[llvm-dev] [RFC] LLVM Coroutines

Sat Jun 11 21:11:17 PDT 2016

Hi Eli:

>>   Block1:
>>     %0 = call i8 coro.suspend()
>>     switch i8 %0, label suspend1 [i8 0 %return] ; or icmp + br i1
>>   Suspend1:
>>     switch i8 %0, label %resume1 [i8 1 %destroy1] ; or icmp + br i1
>>
>> This doesn't look right: intuitively the suspend happens after the return
>> block runs.

Perhaps, but, that is not the intended semantics.

The following two things are distinct concepts:

  * Coroutine is considered suspended

  * Coroutine returns control back to its caller
    (initial caller, resumer, or destroyer)

Coroutine is considered suspended means that it is legal to use coro.done,
coro.resume, coro.destroy intrinsics (either in this thread or in a different
one). It may seem strange, but, consider this example:

  task<void> f() {
    char buf[N];
    ... fill buff with stuff
    await async_send(buf); // <suspend-point>
    ... do more
  }

IR for await expression will be (conceptually):

  %0 = coro.save()
  async_send(%buf)
  coro.suspend(%0)

coro.save is the point when coroutine is considered suspended.
This allows async_send to resume the coroutine even before async_send
returned control back to f.

To make it safe, absolutely nothing should sneak-in between coro.save
and coro.suspend beyond what frontend/user put there.

Aside:
-----
Based on what we discussed earlier, I suspect that optimizer may try
to sneak stuff in between coro.save and coro.suspend.

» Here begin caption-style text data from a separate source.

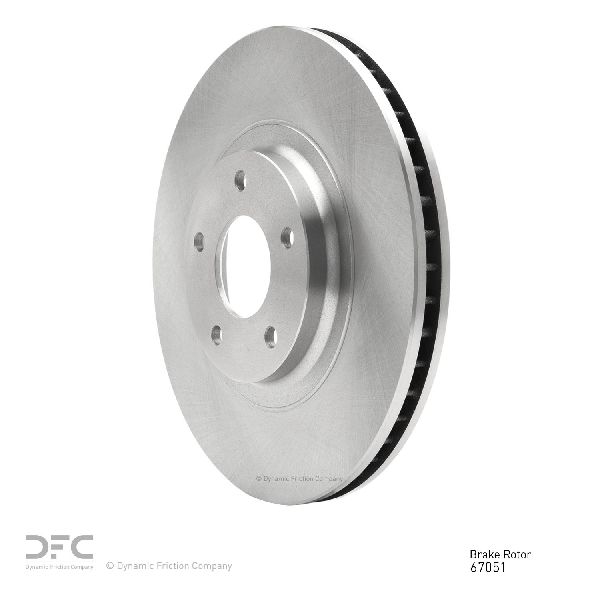 Disc Brake Rotor - Front for 2004-2005 Nissan Maxima (Dynamic Friction 604-67051)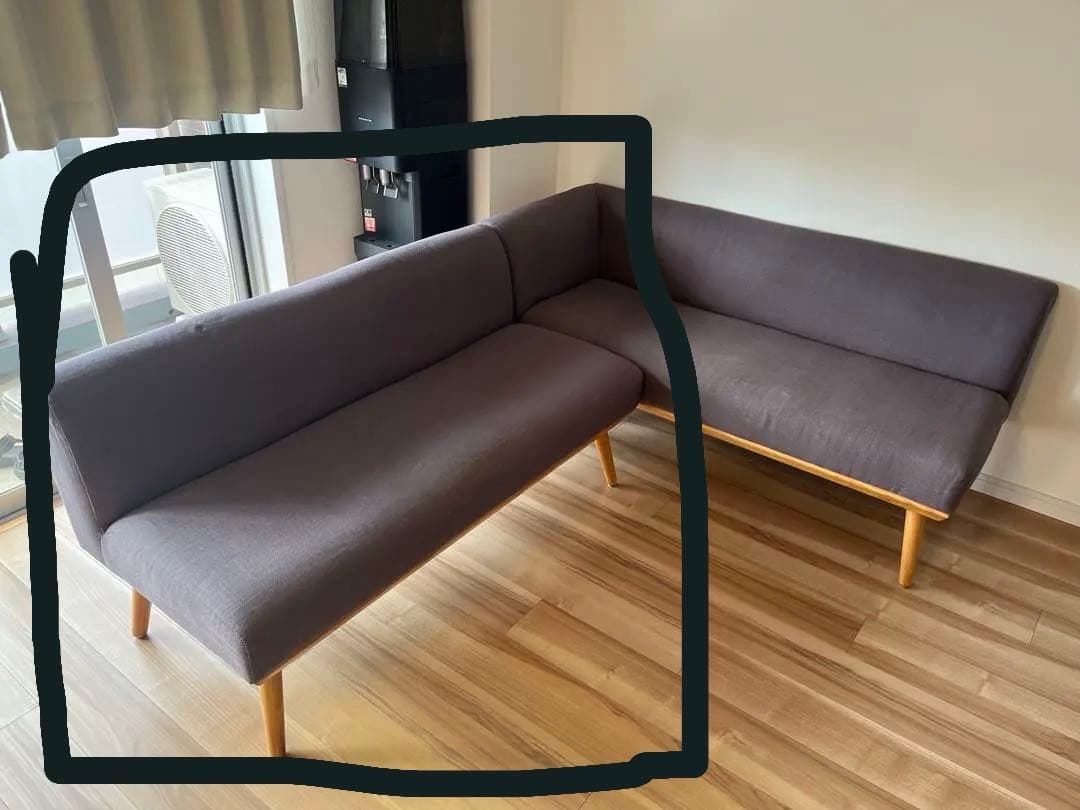 セット② マナベインテリアソファ幅126×奥61×高66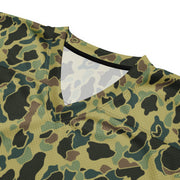 Frog Skin Olive Canopy CAMO Unisex Football Jersey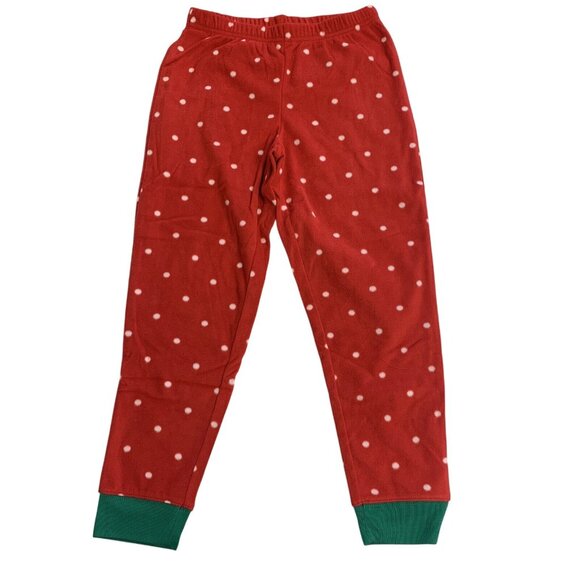 Jammies For Your Families 2-Piece Pajama Set XS (6/6X)  Girls Red Polka Dot Poly - Picture 9 of 10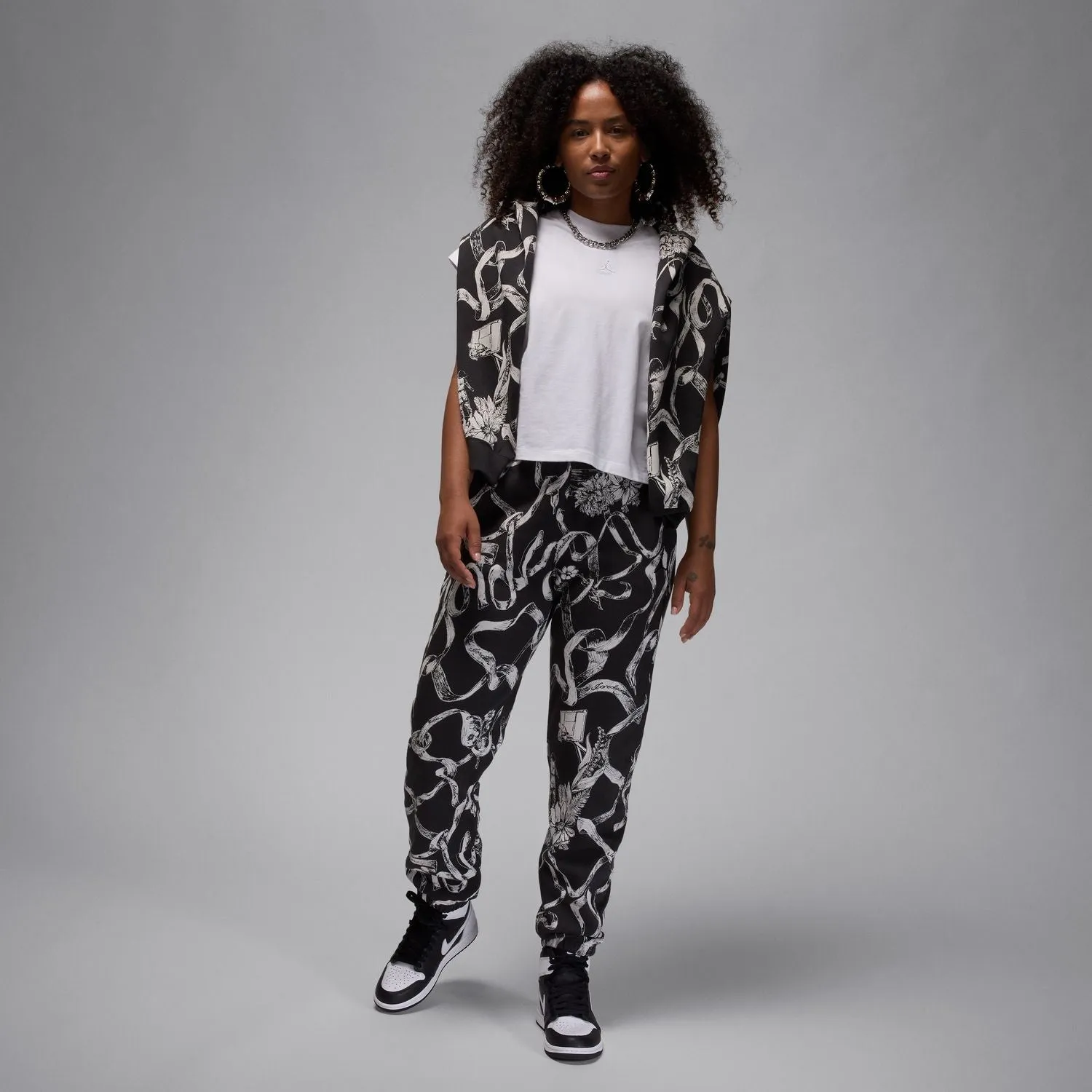 Brooklyn Fleece AOP Pant - Womens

If it is the case,
I have a solution :-), Richard Smith suggested it earlier to me.
Use a distinct function (Just like you said with coro.fork :-)).

There will be no distinct coro.save. Instead, coro.suspend will take an
optional function pointer parameter and frontend will generate a little
function for all the code that needs to go in between coro.save and
coro.suspend.

  f.await(%frame) {
    %buf = get from %frame
    async_send(%buf)
  }

  in f()

    coro.suspend([...], &f.await)

CoroEarly will do the extraction. Frontend will keep emitting
coro.save/coro.suspend pairs. After CoroEarly, coro.save's will be removed.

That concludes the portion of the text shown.